○○するお話【中編つめあわせ】
リビングに上がったところで凛を振り返る。
自分の家だっていうのに、借りてきた猫みたいになってる凛は……林たちが言っていた通り、少し痩せた気がした。
元々細いのにそれ以上痩せてどうすんだって注意したくなるのをぐっと堪える。
今はそれよりも。何を後回しにしてでも言いたい事がある。
だから、仕事残ってんのに明日に無理やり回して定時で営業部飛び出して。
急いでんのに、社内でうっかりシスコン兄貴と会っちまって、野生の勘なのか『おまえ……凛に会うつもりだろう?!』って当てられて。
そこからは兄貴と競争するようにして凛の実家まで走った。
途中、『あ、凛!』とか兄貴が後ろ指さすからうっかり気を取られて足止めて探しちまったせいで、出しぬかれたけど。

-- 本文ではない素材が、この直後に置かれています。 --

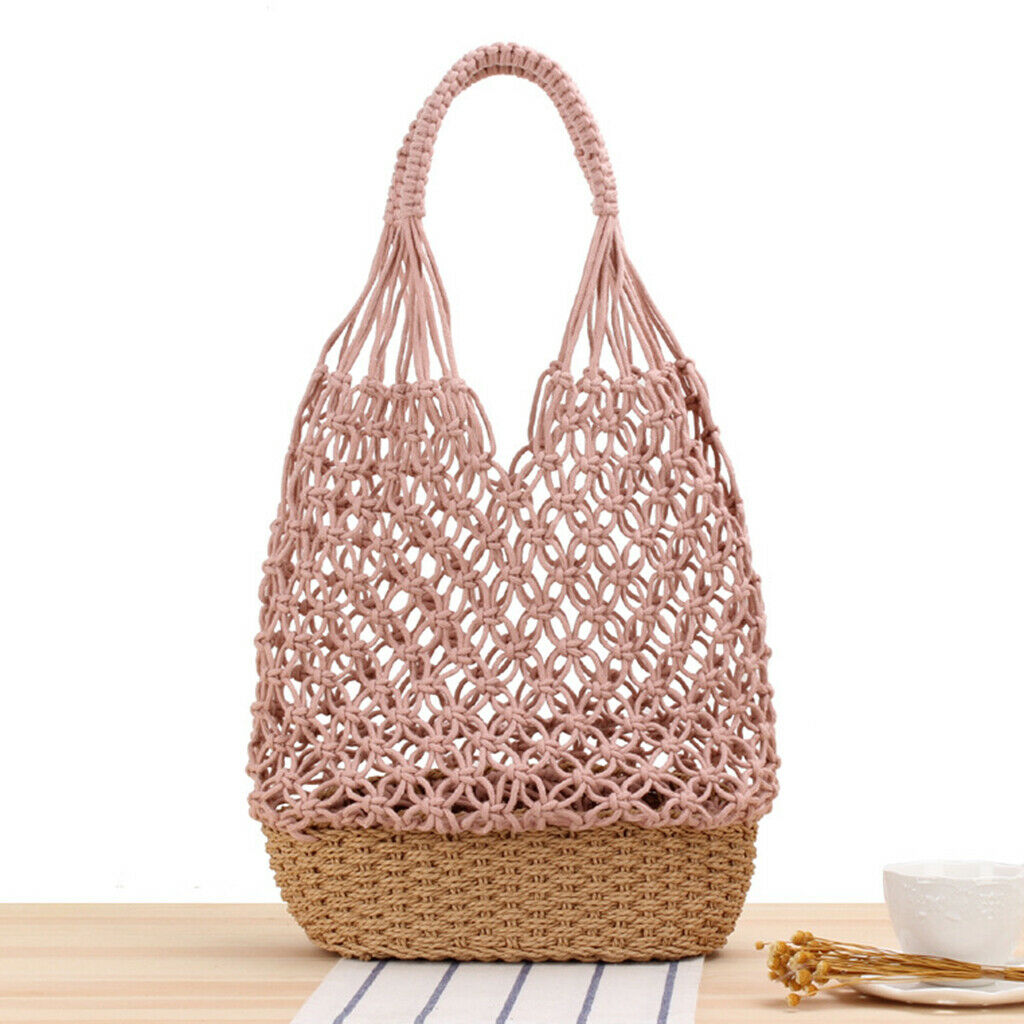2PCS Womens Straw Shoulder Bag Beach Shopping Bag Woven Bag Purse Pink+White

周りの目なんか気にしねーでスーツで全力疾走してでも、言いたかった事があったから。
どうしても言いたかった事が……いや、言わなきゃなんねー事があったから。
手遅れなんかには、絶対にできなかったから。
「ごめん」
リビングの入口に立ったままの凛が、弾かれたように俺を見る。
驚きを浮かべる瞳をじっと見ながら言った。
「俺、ここ数ヶ月……いや、もしかしたらもっと。自分の仕事の事ばっか考えてた。
でかい営業エリア与えてもらったから、結果出さなきゃってそればっかで……おまえの事、構ってやれなくてごめん。
全然優しくしてやれなくて、ごめん」
「全部俺が悪い」
そう言って頭を下げる。
凛が許してくれるまで、頭を上げるつもりはなかった。
そして、すぐに許してもらえるとも思ってなかったから、しばらくこのままでいる事は覚悟してたのに。
頭を下げて数十秒も立たないうちに、凛の声が上から聞こえた。